Reviewed by: Douglas Downs
|Featuring:||Andrew Lawrence, Ashley Johnson, Courtland Mead, Jason Davis and Rickey D'Shon Collins|
|Producer:||Stephen Swofford, Joe Ansolabehere, Paul Germain|
|Distributor:||Walt Disney Pictures|
Disney’s early-2001 release “Recess: School’s Out” is the silver-screen version of a popular Saturday-morning cartoon. Adults may wonder why this only-average film didn’t go straight to video. Not wanting to be too harsh on this film, I took my ten-year-old son to the theater. His response: “it was O.K.”. We both agreed that the best part of the film was the use of oldies music to tie up the loose ends of this well-worn plot.
T.J. Dettweiler (voice of Andy Lawrence) leads a group of 4th grade misfits. “Recess:” begins on the last day of school, including the usual school-life antics. Students make fun of teachers and give school Principal Prickely (Dabney Coleman) plenty of trouble. When the cafeteria ladies find some leftover food on the last day of school, they decide to let it continue cooking all summer and serve it in the fall. We all laughed at the bad lunch joke. And now that summer vacation is upon them, all of T.J.’s friends skip town for various summer camps.
Shortly after they leave, T.J. observes strange activity going on at the school. He tries to tell the local law enforcement, but they just laugh him off. In fact, one of the subtle reoccurring messages in the film is that police never take the word of children seriously. T.J. finally convincences the school principal to check it out. After Prickely disappears, T.J. rounds up all his friends. The storie’s villain is Phil Benedict (James Woods), an ex-principal that tried to end recess years ago and worked hard at creating year-round school. He is a former secretary of education (in an obvious attempt at slamming former U.S. Cabinet secretary William Bennett.)
“Recess: School’s Out” is filled with satire and slang. It also has a lot of violence for a “G” rated film.

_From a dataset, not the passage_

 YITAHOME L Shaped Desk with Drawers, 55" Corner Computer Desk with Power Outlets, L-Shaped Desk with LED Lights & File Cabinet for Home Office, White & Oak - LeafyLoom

The mix of traditional cel animation and computer animation is weak. The screen writing is just alright. Parents play only small roles and seem to lack interest in their children. The voices of the stars and music will have the usual connection with the adults. My favorite part was Robert Goulet singing “My Green Tambourine” while they roll the credits. Unfortunately, this was the most imaginative part of the film. “Recess:” isn’t the worst film you could take your child to, but it is not the best. My suggestion is either wait for the film to hit the local second-run theater, or the video store, or just skip it.